Lardo is a thick slab of pork back fat that has been salted and left to cure in a soupy brine for six months. There is no intermediary meat of consequence. You slice it thin, and let the fat melt on your tongue. You can drape it over bread, let it dissolve over a just baked pizza, or add it to countless dishes in place of oil or butter as you would salt pork. It is the purest expression of the pig in all it’s glorious fat-ness.

It Italy, the best lardo is made in Colonnata, where the ancient marble mines of Carrara provide a natural vessel for curing the fat. Marble blocks are hollowed out to make caskets, where the fat cures along with salt, rosemary, and other aromatics for up to six months. The marble keeps the fat at a consistent temperature. And no refrigeration is used – Italians keep their caskets in cool basements or caves.

This fat from Caw Caw Creek is nearly 2 inches thick.

Keeping the skin on is a good way to cure all whole salumi.

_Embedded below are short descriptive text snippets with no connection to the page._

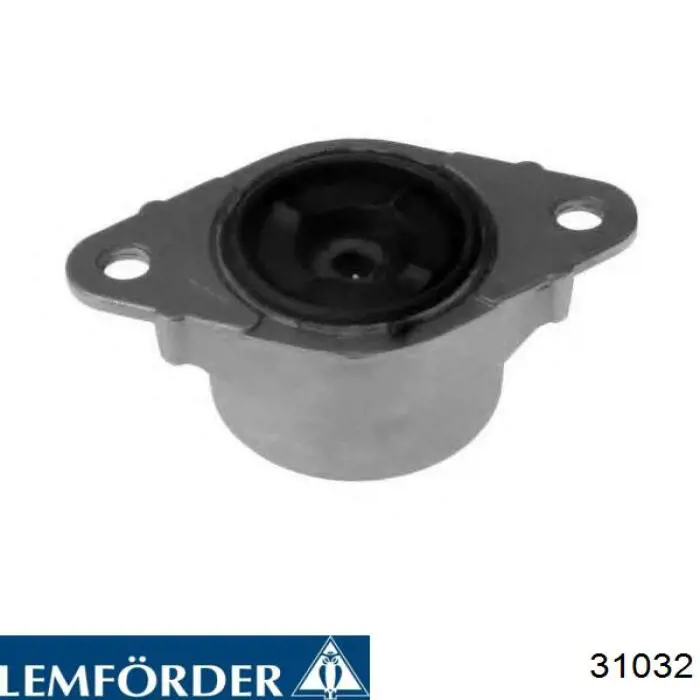 Купить 31032 Lemforder Опора амортизатора заднего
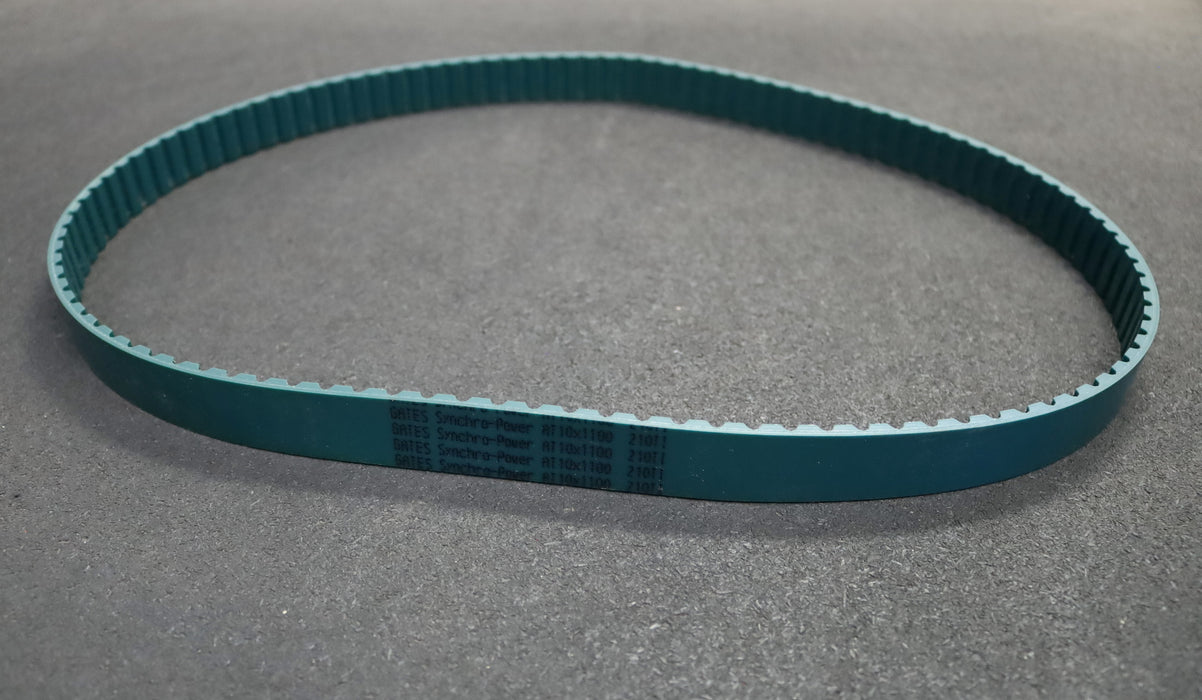Bild des Artikels GATES-SYNCHROPOWER-Zahnriemen-Timing-belt-AT10-Breite-24mm-Länge-1100mm
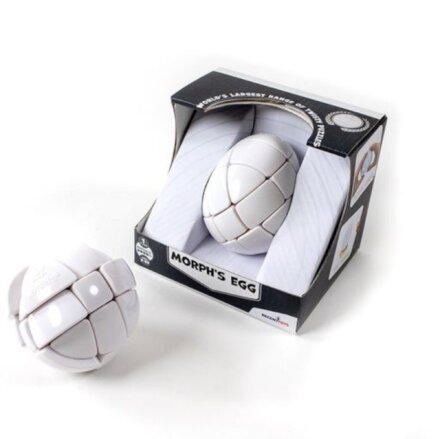 Morph’s Egg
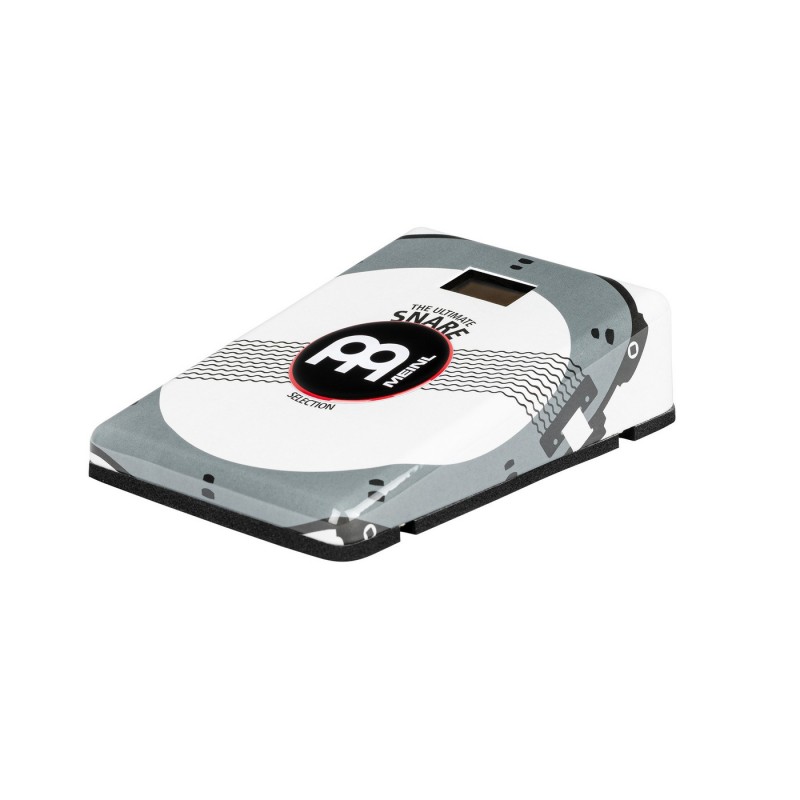 Meinl Percussion STB7 The Ultimate Snare Stomp Box - Pedał elektroniczny
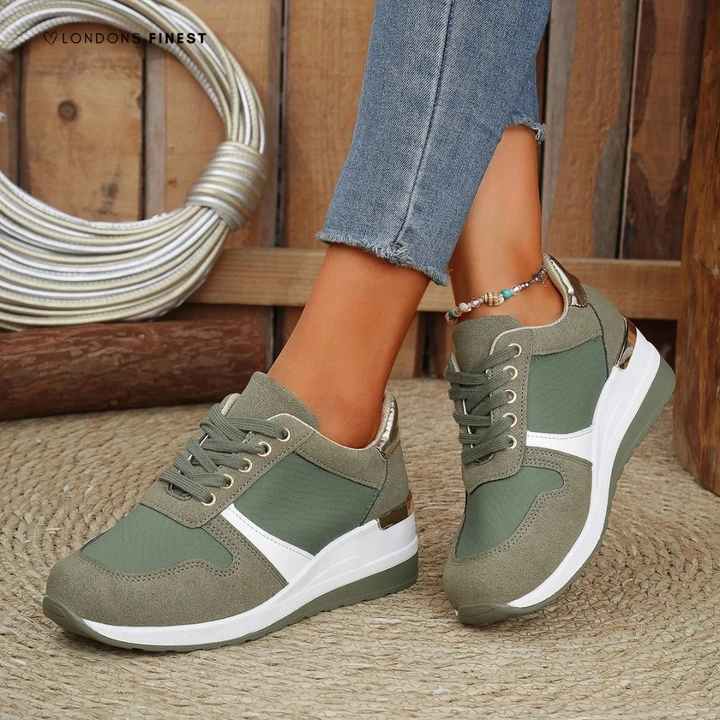 Women's Orthopedic Shoes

Lardo is a hard item to come by in the US, so making your own is one of the only viable options for obtaining it. But you need an impeccable source for the fat. You cannot just go down to your local supermarket and buy commercial back fat, full of nasty antibiotics and growth hormones. You need thick (at least 1 inch), organic, farm raised, heritage pork to make this salumi. You want pigs that spend their lives foraging, and from a farmer who is ethical and humane. My source was Caw Caw Creek Farms in South Carolina.

All the seasonings for the cure.

Recipe

The recipe I used was adapted from Salumi by Ruhlman & Polcyn. The only equipment you need is a scale capable of measuring grams and a non-reactive container that will hold the fat snuggly (you may need to trim it). Some use plastic ziplock bags, but I don’t want plastic touching this fat in a brine for 6 months.

  • 100% pork back fat, at least 1 inch thick, skin on
  • 50% sea salt (I used grey sea salt)
  • 2% crushed and sliced garlic
  • .5% black peppercorns, crushed with a mortar and pestle
  • .4% juniper berries, crushed with a mortar and pestle
  • .15% fresh rosemary stalks, crushed by hand
  • .1% bay leaves, ripped into small pieces by hand

Combine all the seasonings. Place some of the cure mix in the bottom of a non-reactive container that can be covered tightly, such as glass or ceramic (or your custom made marble casket!). Set the fat skin side down in the container, and spread the rest of the cure over the top. Cover tightly, and wrap in a black plastic bag to keep the light out, which will destroy the delicate fat. Place in the fridge for six months.

I will post pictures of my lardo when it is finished.